5.1 Set up an RStudio Project and install the relevant packages

  1. File -> New Project

  2. Name the Project as follows: las_demo

  3. Create the following three folders:

    data_raw
    data_clean
    code

    You can create these in the folder using your operating systems “create folder” option or you can create within R studio using the files tab

  4. Install libraries, load libraries, and run verify they work by running a few commands

5.2 Gather the Raw Data to be corrected

Save your original (aka ‘raw’ or ‘dirty’) data files in the data_raw folder.

Important
  1. Never make changes to the original file of dirty/raw data. Never. NEVER. Always import the uncorrected original data file, make corrections using a script, and then save a new, clean file.

  2. Annote your code with reminders for future you: the # symbol (aka pound, hash tag) allows you to make comments in the script explaining what different sections or commands do. Annotate your scripts with lots of details on what different commands do, what is being done in each section, even links to websites you used to figure stuff out. Remember: ABA (always be annotating).

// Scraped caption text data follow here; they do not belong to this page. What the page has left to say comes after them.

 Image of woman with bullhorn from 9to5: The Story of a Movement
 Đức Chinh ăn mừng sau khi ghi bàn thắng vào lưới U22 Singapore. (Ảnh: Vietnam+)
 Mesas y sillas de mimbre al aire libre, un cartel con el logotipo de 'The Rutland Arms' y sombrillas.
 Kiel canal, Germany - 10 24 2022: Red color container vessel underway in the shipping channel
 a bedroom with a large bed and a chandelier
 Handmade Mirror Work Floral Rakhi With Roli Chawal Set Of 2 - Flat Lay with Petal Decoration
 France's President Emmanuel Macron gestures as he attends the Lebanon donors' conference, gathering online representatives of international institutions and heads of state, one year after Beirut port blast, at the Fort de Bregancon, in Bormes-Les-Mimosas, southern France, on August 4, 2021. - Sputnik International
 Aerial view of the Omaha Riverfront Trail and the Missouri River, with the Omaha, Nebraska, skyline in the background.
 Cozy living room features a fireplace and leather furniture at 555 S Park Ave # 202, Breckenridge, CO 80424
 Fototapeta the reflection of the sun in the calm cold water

5.3 Take your data from messy to clean in these 6 steps:

  1. Familiarize yourself with the data set
  2. Check for potential errors. These can be structural errors (e.g., misaligned columns, duplicated rows/columns, missing values), data entry errors, or measurement errors. Decide how you will flag and deal with them.
  3. Decide how to deal with missing values
  4. Identify ways to simplify data values (i.e., codes, abbreviations) and column headings
  5. Write code to load the ‘raw’ data file file, implement your corrections/changes, and save the ‘clean’ version of the data.

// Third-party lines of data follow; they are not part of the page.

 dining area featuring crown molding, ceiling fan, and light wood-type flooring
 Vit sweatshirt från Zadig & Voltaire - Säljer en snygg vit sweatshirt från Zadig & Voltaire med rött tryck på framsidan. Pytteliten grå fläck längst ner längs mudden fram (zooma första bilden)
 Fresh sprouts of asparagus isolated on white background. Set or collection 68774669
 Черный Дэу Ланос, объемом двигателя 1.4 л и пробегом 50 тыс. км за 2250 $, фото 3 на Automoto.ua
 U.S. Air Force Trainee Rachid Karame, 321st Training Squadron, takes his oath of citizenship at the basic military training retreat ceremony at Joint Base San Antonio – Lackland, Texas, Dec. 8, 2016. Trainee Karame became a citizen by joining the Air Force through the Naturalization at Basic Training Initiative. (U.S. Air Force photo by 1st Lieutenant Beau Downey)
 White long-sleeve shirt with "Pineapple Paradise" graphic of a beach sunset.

Things to look out for: Make a list of the what you think needs to be corrected and the steps necessary to identify and implement each correction. Some of the things to look out for include:

  • Numeric values stored as character data types
  • Factors stred as characters
  • Duplicate rows
  • Spelling mistakes
  • inconsistent formatting (eg., codes, capitalizations)
  • White spaces
  • Missing data
  • Zeros instead of null values
  • Special characters (e.g. commas in numeric values instead of decimals)
  • column headings with spaces between words or that start with numerals

Remember, the characteristics of clean data set include:

  • Free of duplicate rows/values
  • Error-free (correct misspellings, eliminate special characters)
  • correct data type for analysis
  • outliers identified and dealt in the correct way
  • “tidy” data structure
TipWhen working with multiple files, should you correct before or after combining?

We often need to combine multiple files with the same kind of data (i.e., surveys conducted in Year 1 and in Year 2, each of which are recorded in their own .csv file). Is it more efficient to correct each file first, then combine them, or combine first and then correct?

It depends and can vary from one project to another. Make an outline of the different steps and corrections to be made to each file and see if you can decide which is more efficient. Note that there might be different ways to do the same thing, this outline will help figure out which is best. For instance you could:

Option 1
1. Import table 1
2. Correct column headings in Table 1
3. Import table 2
4. Correct column headings in Table 2
5. Bind Table 1 and Table 2 Together

but this is less efficient than…

Option 2
1. Import table 1
2. Import table 2
3. Bind Table 1 and Table 2 Together
4. Correct the column headings in the Table

5.4 Tools & Resources

  1. These introductions to R and R Studio were made by Professor Ethan White (UF-WEC). They are a good overview of some R basics.

  2. The Carpentries’ R workshops (self-paced or taught in-person) are excellent, I use many of their materials in class:

  3. Software Carpentry lesson on Project Management with R Studio

  4. Hadley Wickham wrote a book on using the tidyverse and the online version is FREE. This is a phenomenal resource on using R to import, tidy, and visualize data.

  5. RStudio Cheat Sheets: help with commands for using the different tidyverse packages, RStudio shortcuts and tricks, help with R commands, and more. You definitely want the ones for Data Import, Work with Strings, Factors, Data Transformation, and Base R.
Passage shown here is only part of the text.